Exact copy, pictures excluded: write out every line below.

> STORED DATA
********************
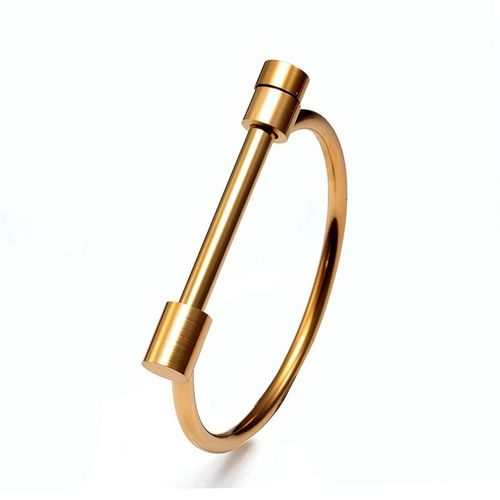 Skai Nova bangle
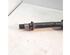 Drive Shaft TOYOTA AVENSIS Saloon (_T25_)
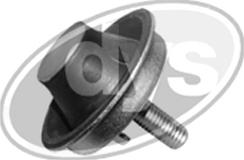 DYS 71-22505 - Support moteur cwaw.fr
********************
> RESPONSE
 Skai Nova bangle
 Drive Shaft TOYOTA AVENSIS Saloon (_T25_)
 DYS 71-22505 - Support moteur cwaw.fr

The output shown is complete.